Source, National Museum of Norway
The famous work from 1893 will be exhibited in the National Museum of Norway from 2022.
Infrared scans showed that it was the painter Edvard Munch himself who wrote the mysterious inscription in the famous Scream painting.
A sentence in one of the world’s most recognizable paintings, written in small and difficult to choose writing, brought along many assumptions in the art world.
In the upper left corner of the picture is written “Can only be drawn by a madman” in pencil.
Tests by the Norwegian National Museum determined that it was Munch himself who wrote the article.
First displayed in 1893 in Oslo, Munch’s hometown, then known as Kristiania, the work became a universal expression of anxiety. The effects of the picture are seen from the 90s Hollywood horror series Scream to modern day emojis.
Art critics have long questioned whether it was written by an angry person or Munch himself, who had psychiatric problems throughout his life.
The museum compared Munch’s handwriting in his diaries and letters to the writing in the painting, using a new technology, and concluded that the writing belongs to the painter himself.
The work has been overhauled to be displayed in a new museum to be opened next year in Oslo.
Source, Getty Images
Edvard Munch painting himself in Germany in 1907.
“There is no doubt that the writing belongs to Munch himself. What happened in 1895, when both the cat of the handwriting and the painting of Munch showed it in Norway, always point to the same result,” said Mai Britt Guleng, the museum’s curator.

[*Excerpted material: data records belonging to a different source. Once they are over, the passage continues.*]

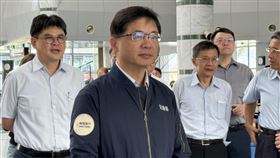 李孟諺視察花蓮航空站對於花蓮對外交通長期仰賴鐵公路，交通部長李孟諺（左2）16日至花蓮航空站視察，研議未來如何增加例行性班次。中央社記者張祈攝  113年8月16日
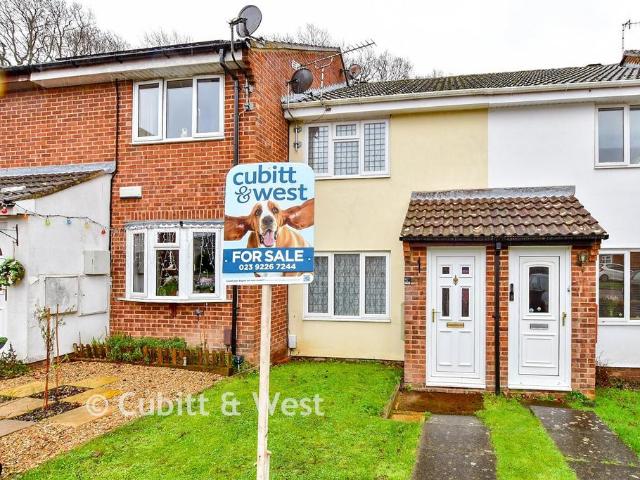 House for sale in Spring Vale, Hampshire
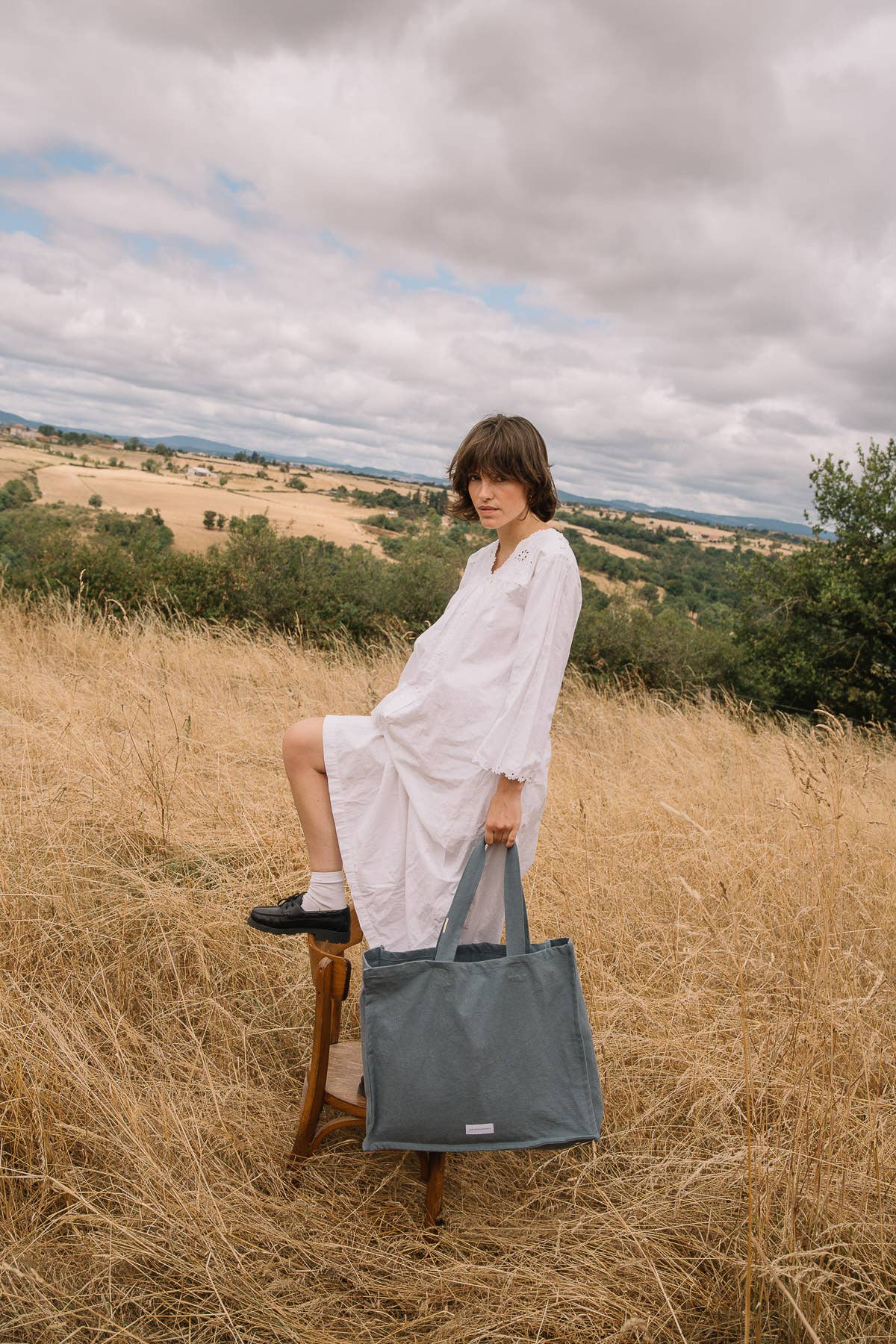 Les Pensionnaires – wholesale Bärkasse - Dam – Stor ekologisk bomullstote i canvas i horisontblå färg2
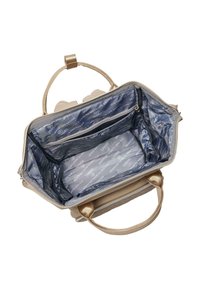 Bolso de mano dorado con exterior texturizado, cierre con cremallera y dos asas cortas. El interior forrado presenta una tela azul con texto blanco repetido.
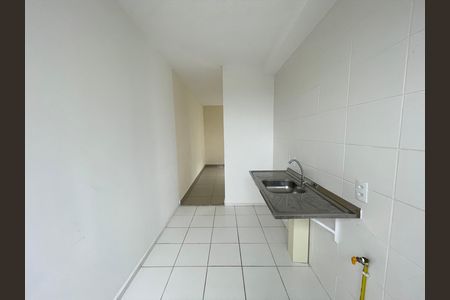 Apartamento à venda com 44m², 2 quartos e 1 vaga Apartamento à venda com 44m², 2 quartos e 1 vagaCozinha e Área de Serviço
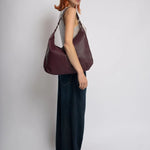 Luxe Leather Hobo Bag with Relaxed Shape – Timeless Design - Women's Shoulder Bag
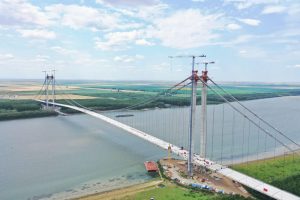 S-a încheiat cea mai importantă etapă a lucrărilor la Podul Suspendat Brăila-Tulcea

In 1994, the Scream painting was stolen from a museum in Norway and re-found in a secret operation by British detectives.
‘Deep anxiety’
When the work was first seen, it received intense criticism and sparked controversy over Munch’s mental health.
According to his diaries, Munch was very upset by these discussions and it is believed that he wrote the article after these reactions.
Both Munch’s father and sister experienced depression, and the painter was hospitalized after a nervous breakdown in 1908.
Munch’s mother and older sister died before the painter turned 14. While his father died 12 years later, another brother was admitted to a mental hospital.
Munch wrote, “I have had deep anxiety for as long as I can remember and tried to express it in my art. Without this anxiety and illness, I would be like a ship without rudder.”
The Scream, along with some of Munch’s other works, will be on display at the Norwegian National Museum from 2022.